(What you have to do): Print the listing below only from the line that has "New Big Earrings" through the line that has "Diamond white gold flower ring", exactly, and drop any picture.

(Data for processing):
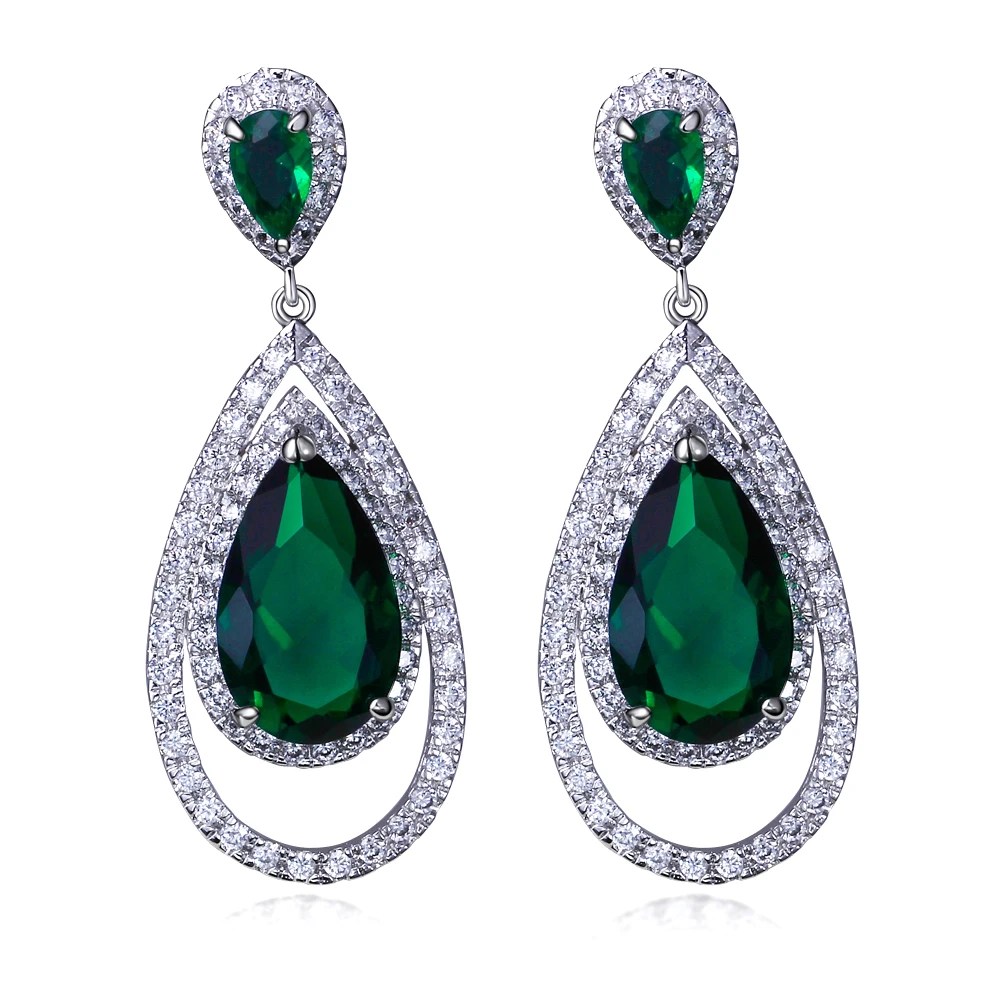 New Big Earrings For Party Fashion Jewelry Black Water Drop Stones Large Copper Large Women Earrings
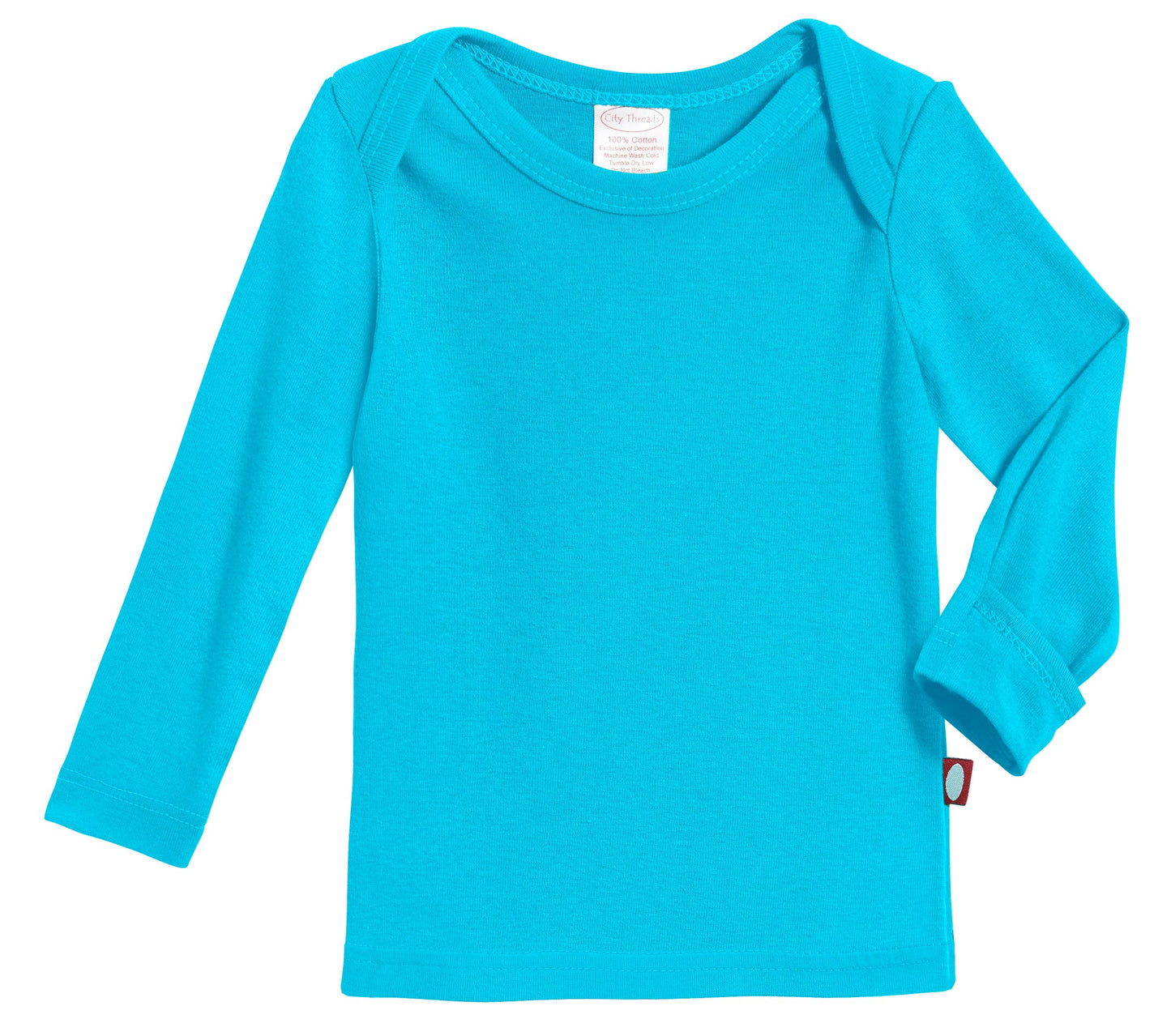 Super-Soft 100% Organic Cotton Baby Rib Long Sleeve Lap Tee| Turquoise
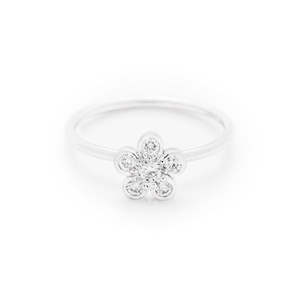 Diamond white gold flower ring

--

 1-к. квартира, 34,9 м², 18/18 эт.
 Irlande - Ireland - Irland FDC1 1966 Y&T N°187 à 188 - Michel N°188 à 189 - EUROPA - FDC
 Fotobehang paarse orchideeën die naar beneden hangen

...

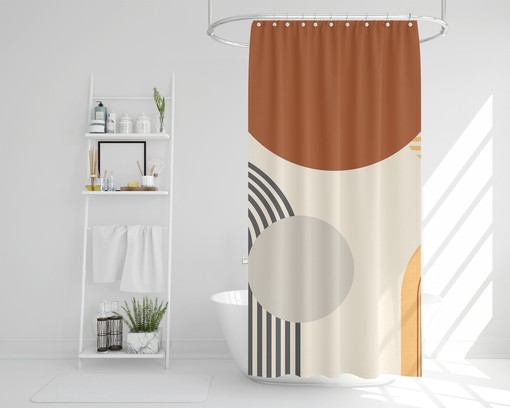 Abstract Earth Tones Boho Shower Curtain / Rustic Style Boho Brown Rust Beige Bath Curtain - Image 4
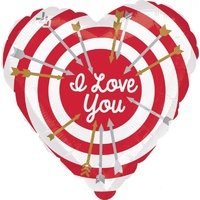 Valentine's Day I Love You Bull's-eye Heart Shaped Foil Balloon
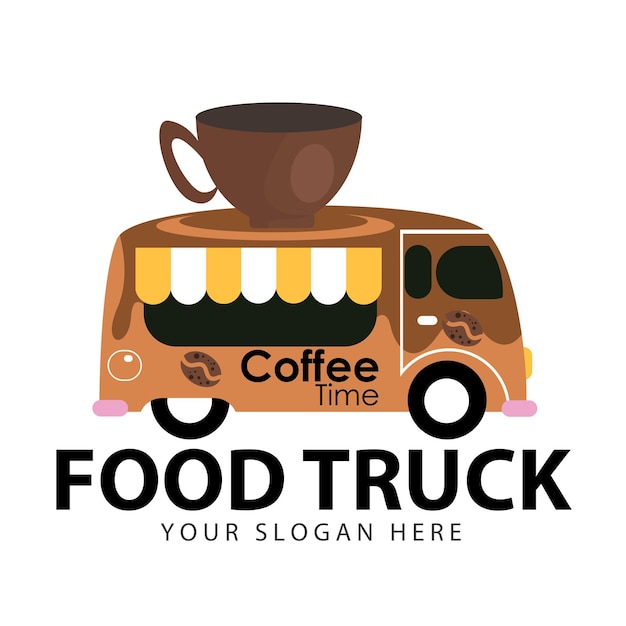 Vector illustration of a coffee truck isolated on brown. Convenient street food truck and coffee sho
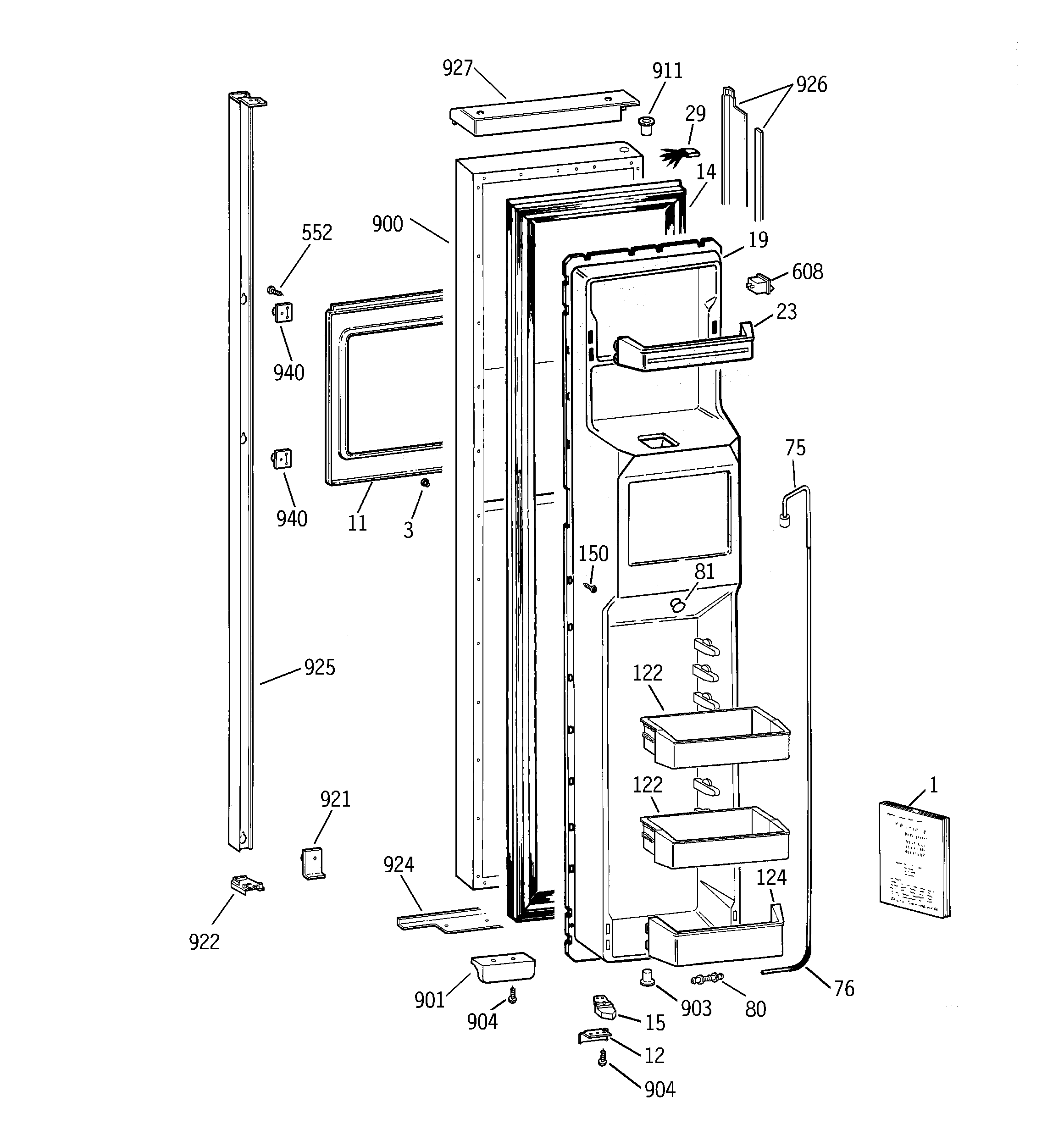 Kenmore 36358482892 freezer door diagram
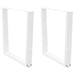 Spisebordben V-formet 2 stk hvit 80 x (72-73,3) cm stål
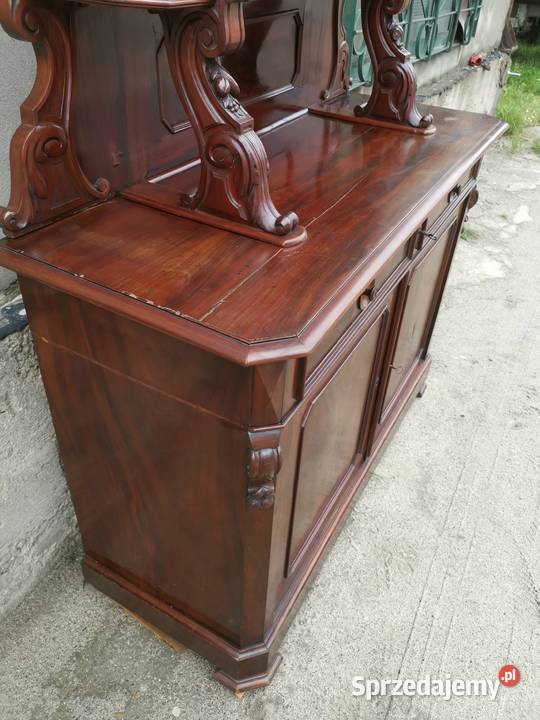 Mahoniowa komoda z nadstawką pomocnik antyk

(Completed exercise):
 New Big Earrings For Party Fashion Jewelry Black Water Drop Stones Large Copper Large Women Earrings
 Super-Soft 100% Organic Cotton Baby Rib Long Sleeve Lap Tee| Turquoise
 Diamond white gold flower ring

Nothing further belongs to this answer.